For keeping the souls prowess possible,

Building new barriers as the old decay,

Saving us from evasion of lifes proof,

Putting the question ever, Does God love,

And will ye hold that truth against the world?

                                             [Browning, A Death in the Desert.]

 

         Against the world for God is not on the side of the big battalions, and great moral victories are generally won by men who are prepared to walk uncowed, by fear or favour of the crowd.  The man who is afraid to face unpopularity in the cause of what he believes to be right has not counted the cost of discipleship.  Wilberforce, Clarkson, Joseph Sturge, Richard Oastler, Lord Shaftesbury, F. D. Maurice, Mrs., Josephine Butler, and many other men and women in modern England have had to face obloquy and misrepresentation for righteousness sake, and have won the causes for which they fought by what they suffered as well as by what they said.

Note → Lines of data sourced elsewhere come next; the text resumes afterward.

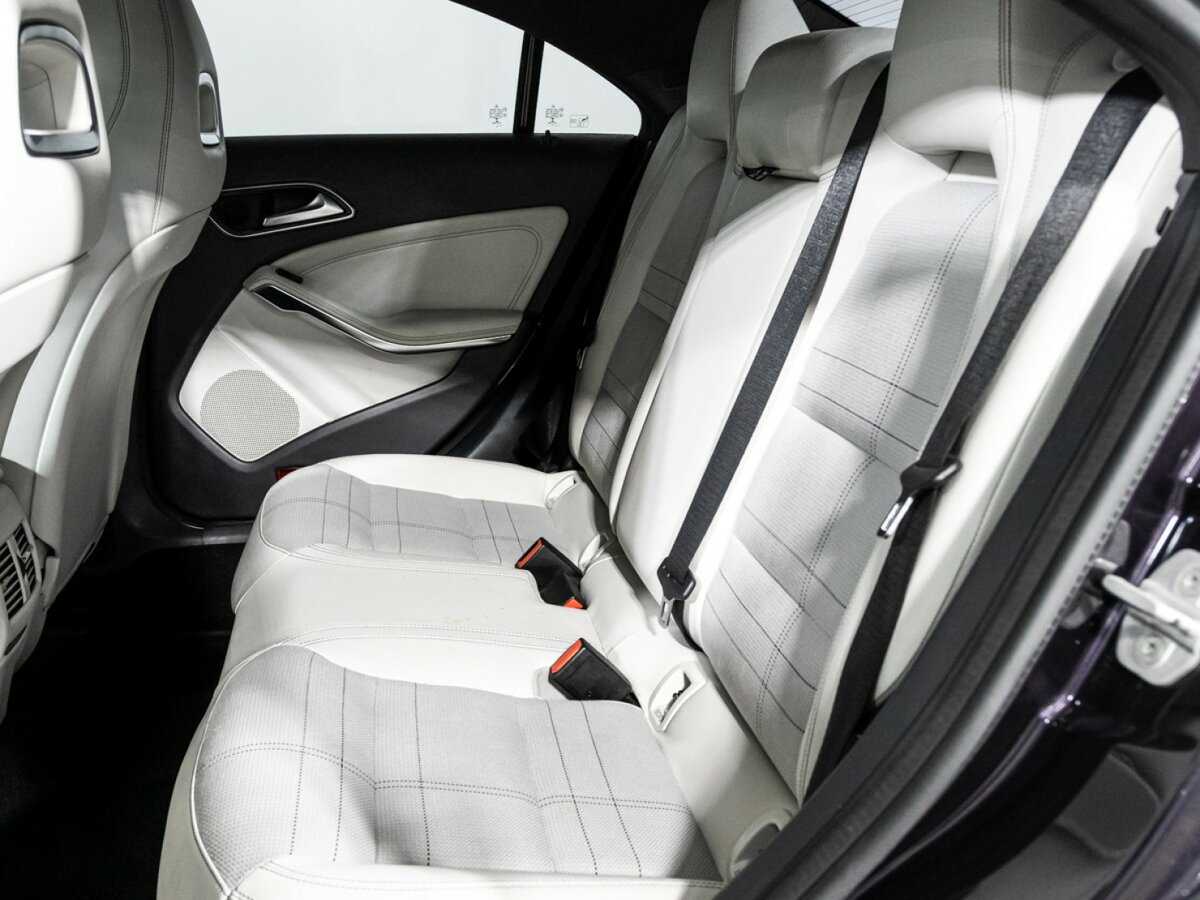 Mercedes-Benz CLA с пробегом — 2014 год. Фото: #8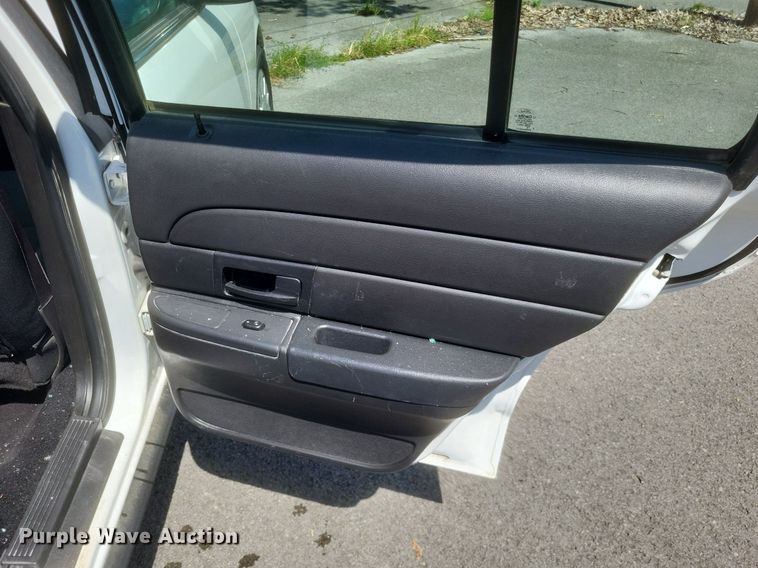 image for item EJ8015 2008 Ford  Crown Victoria Police Interceptor 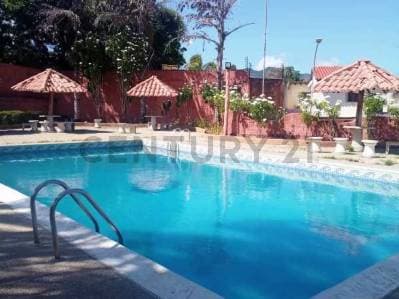 Tonwhouse en Urbanizacion en Los Robles - photo 4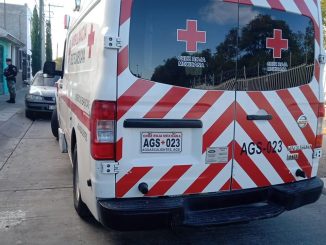 Auxilian elementos del Grupo Aeromédico Táctico a una mujer lesionada por quemaduras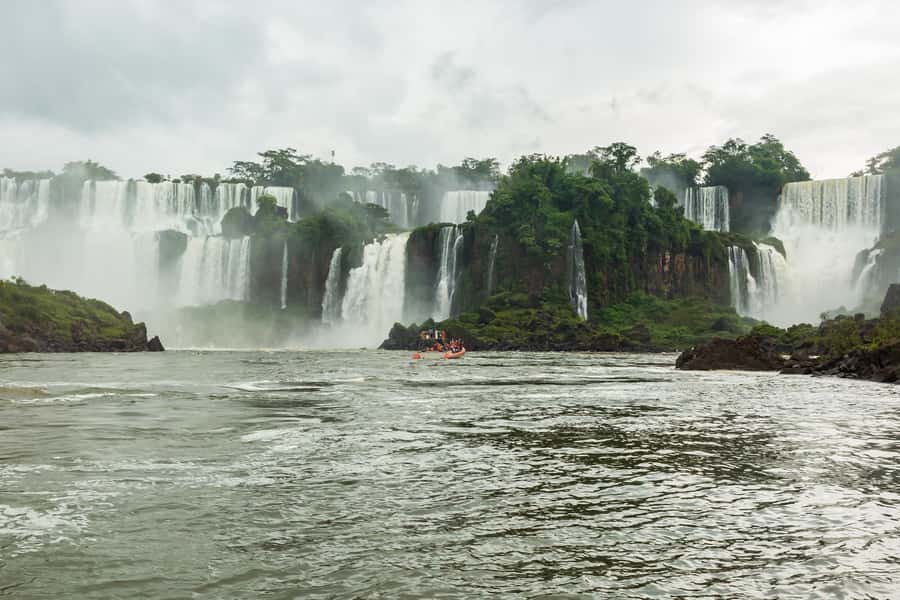 Puerto Iguazu: Iguazu Falls Boat Tour and Gran Aventura - What the $250 price really buys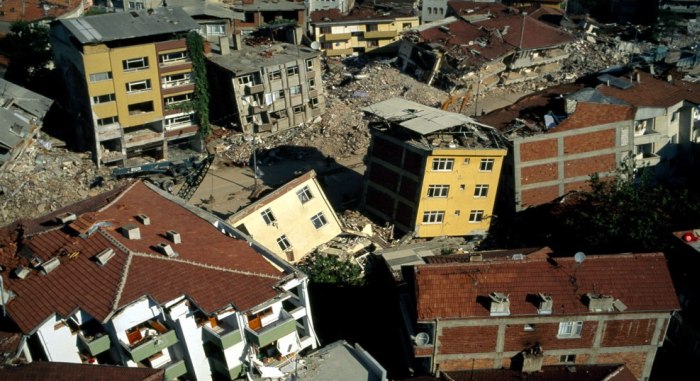 Korozyon binaları çürütüyor, deprem yıkıyor! | Bitüder Uyarıyor: Artık Uyanın !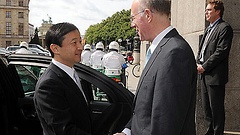 Kronprinz Naruhito von Japan und Bundestagspräsident Norbert Lammert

                           It is the way the Master went.

                           Should not the servant tread it still?

         What matters is that the apathy or open hostility of men should not make us embittered or fanatical.  Our safeguard is in remembering that even hereunto were ye called, because Christ also suffered for us, leaving us an example that we should follow His steps. [St. Peter 2:21.]  Like the early disciples, we must learn to rejoice if we are counted worthy to suffer dishonour for the Name, following in the footsteps of Him Who, for the joy that was set before Him, endured the cross, despising the shame.

         Yet we need St. Peters warning. [1 St. Peter 4:15.]  Persecution that we bring upon ourselves by lack of courtesy and consideration, or by unwillingness to recognize our own fallibility, is not persecution for righteousness sake.  Meekness, mercifulness, purity of heart, and a great desire for peace, are the necessary qualifications for the moral reformer who enlists under the banner of Christ.  They will not secure for him immunity from suffering, but they will give him courage to endure without resentment, and grace to sow, in tears if need be, the moral good that other men will reap.  The lesson of Jonah and his gourd is one that we all need to learn, lest in our zeal for righteousness our own moral character suffer shipwreck because we have not entered into fellowship with the pity and the patience of God.